The lawsuit repeats a litany of criticisms of the cable-landing site. Citizens for the Preservation of Wainscott claims that installation will take 30 months, far more than has been indicated by the developers, Orsted U.S. Offshore Wind and Eversource Energy. The hamlet will be subject, the group alleges, to "invasive maintenance work over 25 years," and fire and building safety will be compromised by construction on narrow Beach Lane.
Opponents also claim that diesel fumes, hazardous chemicals, noise, and disturbance from drilling and other construction will beset residents and farms adjoining Beach Lane, Wainscott Main Street, Sayre's Path, Wainscott Stone Road, and Wainscott Northwest Road. The buried cable, the lawsuit adds, will present risk of "electrical fires, water contamination, and electromagnetic fields."

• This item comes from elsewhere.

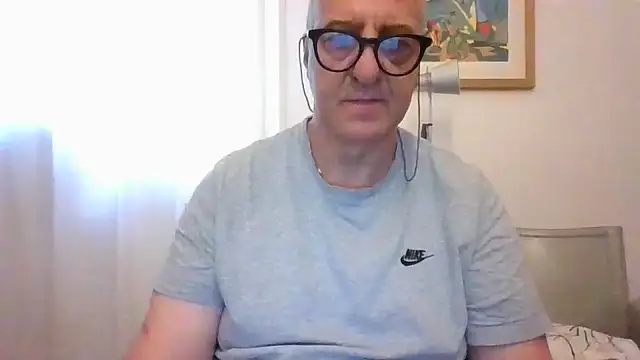 ANONIMO7735 online show from June 6, 2026, 4:23 pm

The suit further notes that trenching on Wainscott Northwest Road "will be adjacent to the Wainscott Sand and Gravel site and just south of the East Hampton Airport, which is where 47 acres were recently designated as a New York State Superfund site" due to contamination by perfluorinated chemicals. Excavation within a contaminated plume "could become a pathway for movement" of contaminated groundwater, contaminating new areas, it says.
Stressing that it does support renewable energy, the group has suggested the wind farm's cable land instead at Atlantic Avenue Beach in Amagansett. The lawsuit "focuses solely on the cable landing route" and substation, according to a statement accompanying the complaint, and "does not seek to stop the already-delayed wind farm project itself." The wind farm's developers have pushed back its expected date of operation by one year, to late 2023, pending the granting of the required approvals.
"We all support renewable energy," Gouri Edlich, the group's chairwoman, said in the statement, "and we want to see that goal completed. But there are better ways to accomplish this important goal."
Mr. Van Scoyoc said on Tuesday morning that he had not seen the complaint, but that a lawsuit from the citizens group would not be a surprise. "They've been threatening this for some time," he said. "I don't know based on what parts of the law they think they have a case, if you will. We'll certainly look at it and prepare to vigorously defend the town."